What is expected:
Repeat each line of the data below exactly, but skip the pictures.

::: Supplied material :::

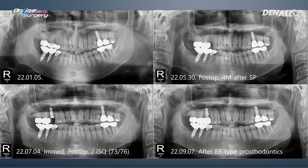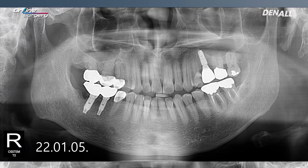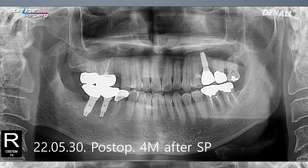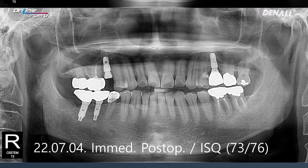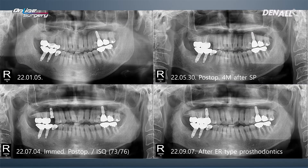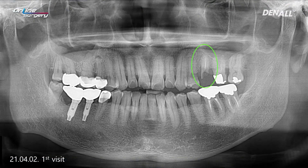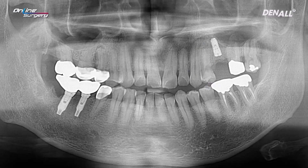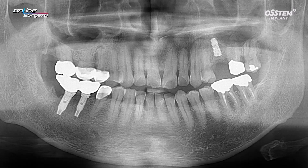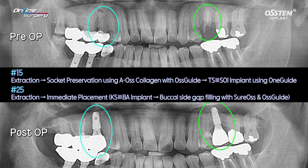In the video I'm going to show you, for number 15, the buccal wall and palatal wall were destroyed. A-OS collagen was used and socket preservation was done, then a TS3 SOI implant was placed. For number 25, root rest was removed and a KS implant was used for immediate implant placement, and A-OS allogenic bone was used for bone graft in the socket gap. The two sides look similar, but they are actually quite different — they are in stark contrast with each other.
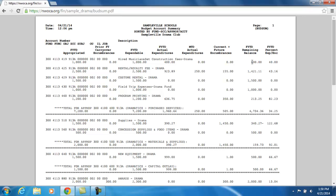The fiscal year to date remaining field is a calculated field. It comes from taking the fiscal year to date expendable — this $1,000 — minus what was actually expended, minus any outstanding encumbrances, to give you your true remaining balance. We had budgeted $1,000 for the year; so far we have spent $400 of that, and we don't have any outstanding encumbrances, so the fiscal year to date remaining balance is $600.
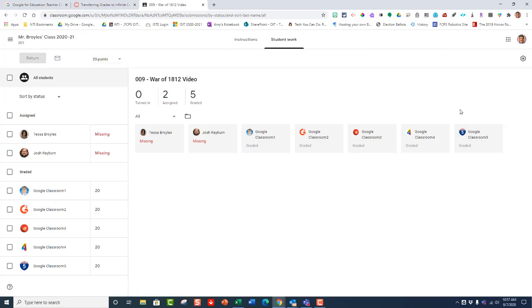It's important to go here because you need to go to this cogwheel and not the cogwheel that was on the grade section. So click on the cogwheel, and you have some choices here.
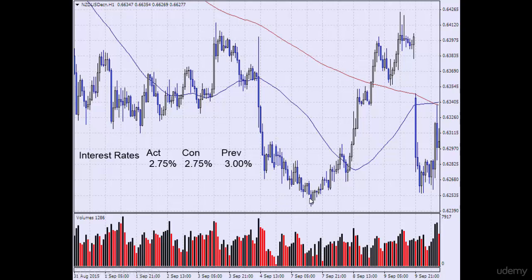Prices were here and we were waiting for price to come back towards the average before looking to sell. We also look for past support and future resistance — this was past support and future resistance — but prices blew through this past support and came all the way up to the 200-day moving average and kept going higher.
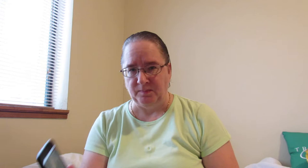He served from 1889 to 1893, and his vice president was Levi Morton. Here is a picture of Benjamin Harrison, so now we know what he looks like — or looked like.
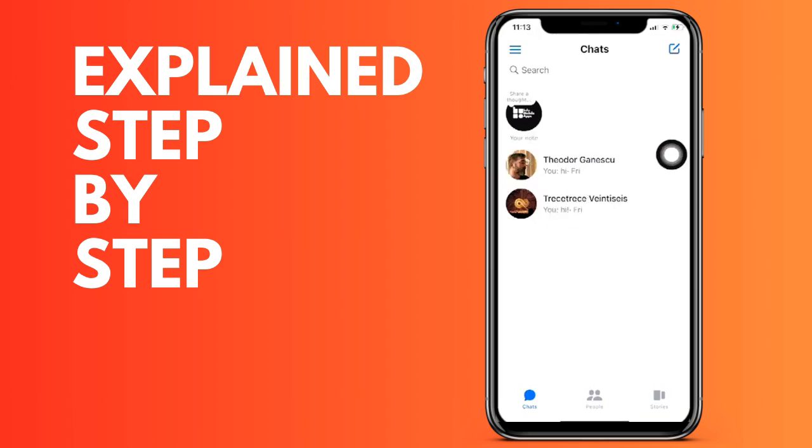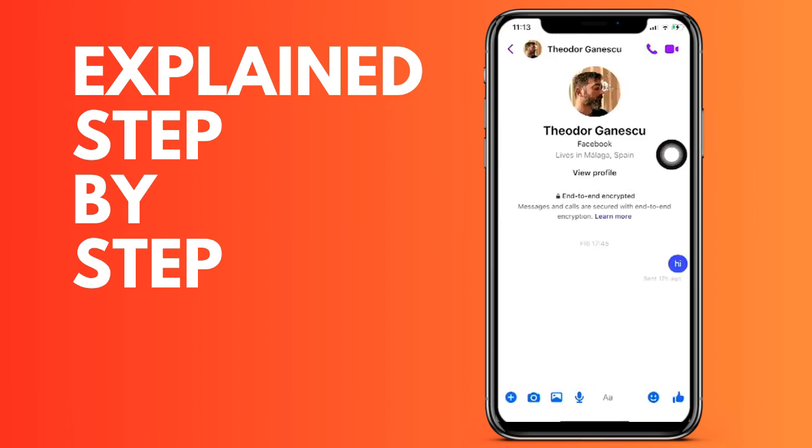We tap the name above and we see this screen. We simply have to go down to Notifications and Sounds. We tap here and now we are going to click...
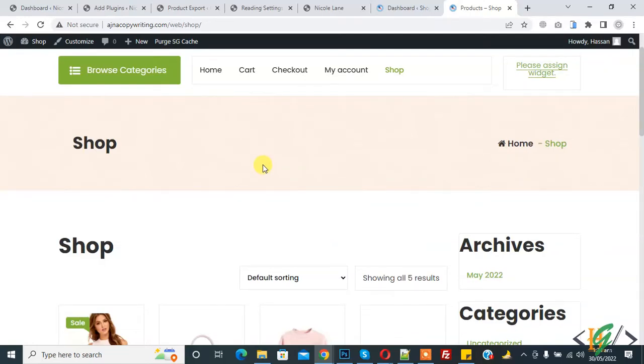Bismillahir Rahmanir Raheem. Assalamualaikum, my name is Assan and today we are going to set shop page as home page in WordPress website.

:::

Answer below:
In the video I'm going to show you, for number 15, the buccal wall and palatal wall were destroyed. A-OS collagen was used and socket preservation was done, then a TS3 SOI implant was placed. For number 25, root rest was removed and a KS implant was used for immediate implant placement, and A-OS allogenic bone was used for bone graft in the socket gap. The two sides look similar, but they are actually quite different — they are in stark contrast with each other.
The fiscal year to date remaining field is a calculated field. It comes from taking the fiscal year to date expendable — this $1,000 — minus what was actually expended, minus any outstanding encumbrances, to give you your true remaining balance. We had budgeted $1,000 for the year; so far we have spent $400 of that, and we don't have any outstanding encumbrances, so the fiscal year to date remaining balance is $600.
It's important to go here because you need to go to this cogwheel and not the cogwheel that was on the grade section. So click on the cogwheel, and you have some choices here.
Prices were here and we were waiting for price to come back towards the average before looking to sell. We also look for past support and future resistance — this was past support and future resistance — but prices blew through this past support and came all the way up to the 200-day moving average and kept going higher.
He served from 1889 to 1893, and his vice president was Levi Morton. Here is a picture of Benjamin Harrison, so now we know what he looks like — or looked like.
We tap the name above and we see this screen. We simply have to go down to Notifications and Sounds. We tap here and now we are going to click...
Bismillahir Rahmanir Raheem. Assalamualaikum, my name is Assan and today we are going to set shop page as home page in WordPress website.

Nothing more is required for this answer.